The car in question was a 2015 model of the Tesla Model S. Here's how the company describes the crash:

"What we know is that the vehicle was on a divided highway with Autopilot engaged when a tractor trailer drove across the highway perpendicular to the Model S. Neither Autopilot nor the driver noticed the white side of the tractor trailer against a brightly lit sky, so the brake was not applied.
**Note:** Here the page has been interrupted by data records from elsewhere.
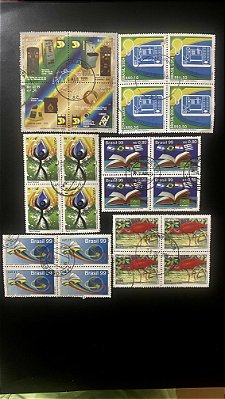 06 Quadras de Selos Comemorativos do Brasil - Circuladas com carimbo- ref. 544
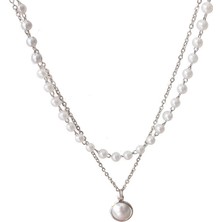 Gümüş Hediye Al Metal Alaşım Üzeri Gümüş Kaplama Inci Kombinli Kadın Kolye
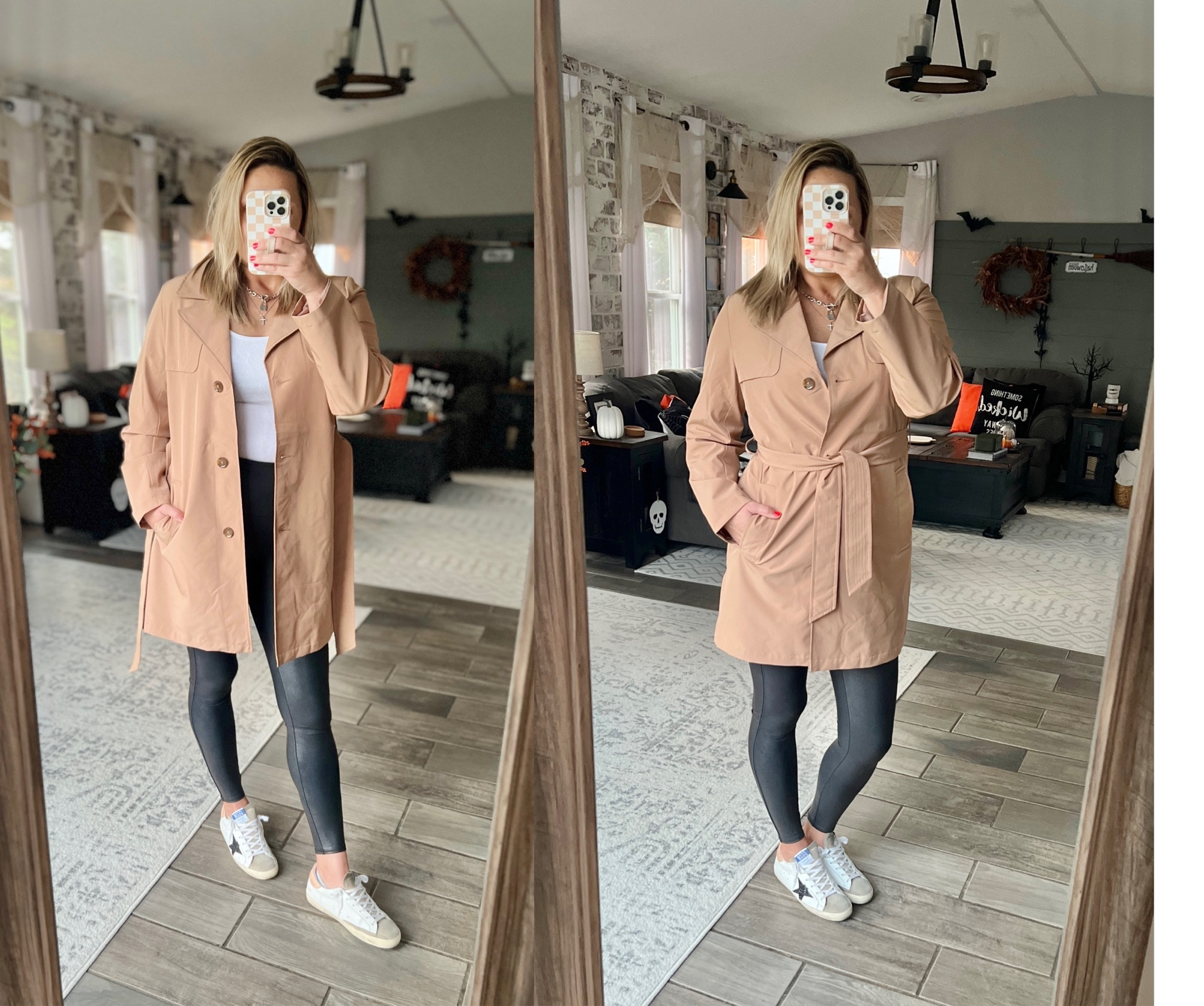 Can’t say enough good things about this trench coat from Walmart!!! It fits TTS. I’m wearing my usual size medium. 
Coat - medium
Tee - medium
Spanx Leggings - run small per website so I’m wearing a size large
Shoes - run TTS

Fall Outfits, Fall Shoes, Family Pictures, Faux leather leggings 

#LTKfindsunder50 #LTKstyletip #LTKSeasonal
The high ride height of the trailer combined with its positioning across the road and the extremely rare circumstances of the impact caused the Model S to pass under the trailer, with the bottom of the trailer impacting the windshield of the Model S."

Discussing the man who died in the crash, the company's blog post says, "He was a friend to Tesla and the broader EV community, a person who spent his life focused on innovation and the promise of technology and who believed strongly in Tesla's mission."

In the post, the company also extended its sympathies to the man's family.

Neither Tesla nor NHTSA identified the man — but several media outlets, including Forbes, are reporting his identity as Joshua Brown, 40, an Ohio technology executive and former Navy SEAL who was in Florida when the fatal accident occurred.

In a statement to The Verge, NHTSA said in part:

"NHTSA's Office of Defects Investigation will examine the design and performance of the automated driving systems in use at the time of the crash. During the Preliminary Evaluation, NHTSA will gather additional data regarding this incident and other information regarding the automated driving systems.

"The opening of the Preliminary Evaluation should not be construed as a finding that the Office of Defects Investigation believes there is either a presence or absence of a defect in the subject vehicles."